BSG, Beschluss vom 26.06.2019 - Aktenzeichen B 6 KA 18/18 B

DRsp Nr. 2019/11077

Rechtmäßigkeit der Zuweisung eines Regelleistungsvolumens Divergenzrüge im Nichtzulassungsbeschwerdeverfahren

Die Beschwerde des Klägers gegen die Nichtzulassung der Revision im Urteil des Schleswig-Holsteinischen Landessozialgerichts vom 23. Januar 2018 wird zurückgewiesen.

Der Kläger trägt auch die Kosten des Beschwerdeverfahrens.

Der Streitwert für das Beschwerdeverfahren wird auf 2783,76 Euro festgesetzt.

Normenkette:

SGG § 160 Abs. 2 Nr. 2 ;

Gründe:

I

Der Kläger, ein im Bezirk der beklagten Kassenärztlichen Vereinigung (KÄV) sowohl im hausärztlichen als auch im fachärztlichen Versorgungsbereich zugelassener Facharzt für Kinder- und Jugendmedizin mit Schwerpunkt Kinder-Lungen- und Bronchialheilkunde, begehrt höheres Honorar für das Quartal 2/2012.

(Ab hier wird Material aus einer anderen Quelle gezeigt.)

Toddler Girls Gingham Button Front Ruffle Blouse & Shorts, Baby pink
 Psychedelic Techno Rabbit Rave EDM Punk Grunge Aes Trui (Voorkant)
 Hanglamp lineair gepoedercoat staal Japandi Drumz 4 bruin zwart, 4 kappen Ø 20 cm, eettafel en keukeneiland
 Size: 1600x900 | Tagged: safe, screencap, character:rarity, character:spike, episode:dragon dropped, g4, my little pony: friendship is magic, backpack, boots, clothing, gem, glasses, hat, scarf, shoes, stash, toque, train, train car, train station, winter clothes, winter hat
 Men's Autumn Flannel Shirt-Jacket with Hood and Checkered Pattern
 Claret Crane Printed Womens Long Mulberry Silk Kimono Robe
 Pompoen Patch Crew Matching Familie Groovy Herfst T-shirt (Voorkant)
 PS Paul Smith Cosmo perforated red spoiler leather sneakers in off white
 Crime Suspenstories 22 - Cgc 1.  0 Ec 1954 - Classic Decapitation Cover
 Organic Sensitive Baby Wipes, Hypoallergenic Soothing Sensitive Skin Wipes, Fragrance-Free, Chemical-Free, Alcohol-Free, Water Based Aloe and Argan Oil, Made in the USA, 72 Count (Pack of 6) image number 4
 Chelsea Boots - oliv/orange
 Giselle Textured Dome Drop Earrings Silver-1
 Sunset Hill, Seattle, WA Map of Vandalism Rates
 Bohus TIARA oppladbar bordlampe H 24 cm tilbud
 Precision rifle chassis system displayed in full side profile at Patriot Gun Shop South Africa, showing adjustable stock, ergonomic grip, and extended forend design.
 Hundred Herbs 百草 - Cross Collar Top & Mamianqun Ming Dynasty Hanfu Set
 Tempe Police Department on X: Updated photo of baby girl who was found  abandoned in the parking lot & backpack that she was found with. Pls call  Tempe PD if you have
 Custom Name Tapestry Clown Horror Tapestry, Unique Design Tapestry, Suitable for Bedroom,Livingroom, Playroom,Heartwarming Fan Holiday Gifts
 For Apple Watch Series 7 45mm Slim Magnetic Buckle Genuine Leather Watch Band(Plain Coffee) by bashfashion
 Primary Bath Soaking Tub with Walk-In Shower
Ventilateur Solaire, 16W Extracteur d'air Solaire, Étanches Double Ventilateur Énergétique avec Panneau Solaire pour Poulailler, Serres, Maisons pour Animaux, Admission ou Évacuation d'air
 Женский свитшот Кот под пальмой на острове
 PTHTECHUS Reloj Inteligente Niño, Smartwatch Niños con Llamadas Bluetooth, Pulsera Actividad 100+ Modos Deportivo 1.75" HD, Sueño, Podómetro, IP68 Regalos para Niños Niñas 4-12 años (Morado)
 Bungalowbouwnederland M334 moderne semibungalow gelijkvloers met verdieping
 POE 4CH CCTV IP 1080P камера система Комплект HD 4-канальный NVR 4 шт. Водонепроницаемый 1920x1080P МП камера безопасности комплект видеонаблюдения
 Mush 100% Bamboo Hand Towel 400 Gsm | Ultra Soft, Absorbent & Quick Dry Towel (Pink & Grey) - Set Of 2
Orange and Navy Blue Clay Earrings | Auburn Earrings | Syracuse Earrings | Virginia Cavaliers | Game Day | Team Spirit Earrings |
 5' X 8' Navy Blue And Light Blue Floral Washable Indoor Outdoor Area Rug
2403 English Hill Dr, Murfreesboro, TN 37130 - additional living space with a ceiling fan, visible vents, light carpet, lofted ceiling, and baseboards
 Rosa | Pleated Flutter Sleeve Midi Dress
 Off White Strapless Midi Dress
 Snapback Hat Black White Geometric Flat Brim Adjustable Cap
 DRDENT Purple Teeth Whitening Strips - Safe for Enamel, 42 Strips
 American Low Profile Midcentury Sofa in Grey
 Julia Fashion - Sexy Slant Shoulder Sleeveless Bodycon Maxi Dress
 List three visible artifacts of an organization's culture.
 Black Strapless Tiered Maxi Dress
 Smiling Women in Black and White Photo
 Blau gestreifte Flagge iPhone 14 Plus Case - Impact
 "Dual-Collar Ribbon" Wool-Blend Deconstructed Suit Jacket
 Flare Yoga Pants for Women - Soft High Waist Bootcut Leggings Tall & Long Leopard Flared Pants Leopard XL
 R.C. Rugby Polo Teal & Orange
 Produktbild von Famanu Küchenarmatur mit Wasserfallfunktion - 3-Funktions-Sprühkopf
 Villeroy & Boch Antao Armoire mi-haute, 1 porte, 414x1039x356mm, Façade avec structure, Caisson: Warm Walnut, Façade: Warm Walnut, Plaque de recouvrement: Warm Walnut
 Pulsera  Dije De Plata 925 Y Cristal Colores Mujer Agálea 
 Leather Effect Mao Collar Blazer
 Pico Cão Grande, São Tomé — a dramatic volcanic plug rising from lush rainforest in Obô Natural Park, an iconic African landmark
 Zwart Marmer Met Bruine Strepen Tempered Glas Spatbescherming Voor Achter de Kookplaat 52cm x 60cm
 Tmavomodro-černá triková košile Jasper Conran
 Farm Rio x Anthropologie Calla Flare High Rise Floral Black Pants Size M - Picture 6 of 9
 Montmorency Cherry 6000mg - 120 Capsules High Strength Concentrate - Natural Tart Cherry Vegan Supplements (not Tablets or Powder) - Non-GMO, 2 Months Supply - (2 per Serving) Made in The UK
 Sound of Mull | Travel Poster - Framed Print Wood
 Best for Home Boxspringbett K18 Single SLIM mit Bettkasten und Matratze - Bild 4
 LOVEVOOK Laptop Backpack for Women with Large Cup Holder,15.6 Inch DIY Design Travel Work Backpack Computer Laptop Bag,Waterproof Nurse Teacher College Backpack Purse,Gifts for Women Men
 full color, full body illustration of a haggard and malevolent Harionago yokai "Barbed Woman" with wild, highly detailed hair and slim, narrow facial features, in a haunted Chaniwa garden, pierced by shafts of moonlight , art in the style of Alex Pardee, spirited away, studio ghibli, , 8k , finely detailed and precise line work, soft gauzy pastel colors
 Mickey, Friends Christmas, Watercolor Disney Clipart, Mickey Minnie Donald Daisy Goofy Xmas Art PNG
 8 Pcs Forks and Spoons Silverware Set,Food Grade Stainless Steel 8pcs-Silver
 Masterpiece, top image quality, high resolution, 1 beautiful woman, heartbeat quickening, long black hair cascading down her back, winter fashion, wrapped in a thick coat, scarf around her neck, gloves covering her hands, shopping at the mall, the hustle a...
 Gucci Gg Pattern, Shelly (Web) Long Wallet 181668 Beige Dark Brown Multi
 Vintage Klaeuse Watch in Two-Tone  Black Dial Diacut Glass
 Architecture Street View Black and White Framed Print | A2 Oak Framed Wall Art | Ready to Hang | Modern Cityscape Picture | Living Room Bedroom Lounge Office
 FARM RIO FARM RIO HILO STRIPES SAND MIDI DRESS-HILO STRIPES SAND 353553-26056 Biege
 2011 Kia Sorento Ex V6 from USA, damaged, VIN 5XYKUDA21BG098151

Die Beklagte wies dem Kläger für dieses Quartal auf der Grundlage der Fallzahl des Vorjahresquartals (2/2011 - 305 Fälle) zunächst ein Regelleistungsvolumen ( RLV ) von 11 795,43 Euro sowie ein Qualifikationsgebundenes Zusatzvolumen (QZV) von 8181,50 Euro zu. Nachdem der Kläger in seinem Widerspruch vom 29.10. bzw 19.11.2012 gegen die RLV -Zuweisung vom 29.2.2012 (ohne Rechtsbehelfsbelehrung) und den Honorarbescheid vom 13.10.2012 um eine Anhebung des RLV gebeten hatte, da seine Fallzahl im Vorjahresquartal krankheitsbedingt stark unterdurchschnittlich gewesen sei, entschied die Beklagte, für die Berechnung des im Quartal 2/2012 maßgeblichen RLV und QZV die Fallzahl des Klägers im Quartal 2/2008 (387 Fälle) heranzuziehen (Härtefallbescheid vom 11.12.2012). Bei der Umsetzung im gesonderten RLV -Korrekturbescheid vom 11.12.2012 erhöhte die Beklagte dementsprechend das RLV auf 14 863,69 Euro, während das QZV unverändert blieb. Dementsprechend wies eine "Nachberechnung zum Honorarbescheid Quartal 2/2012" vom 14.3.2013 einen Korrekturbetrag von (brutto) 2470,93 Euro zugunsten des Klägers sowie ein Gesamthonorar von 23 716,49 Euro für RLV -relevante Leistungen aus. Von dem für RLV -relevante Leistungen angeforderten Honorar von 26 500,25 Euro blieben danach insgesamt 2783,76 Euro unvergütet. Den nach der Härtefallentscheidung weder zurückgenommenen noch näher spezifizierten Widerspruch wies die Beklagte ohne weitere Begründung zurück (Widerspruchsbescheid vom 1.10.2014).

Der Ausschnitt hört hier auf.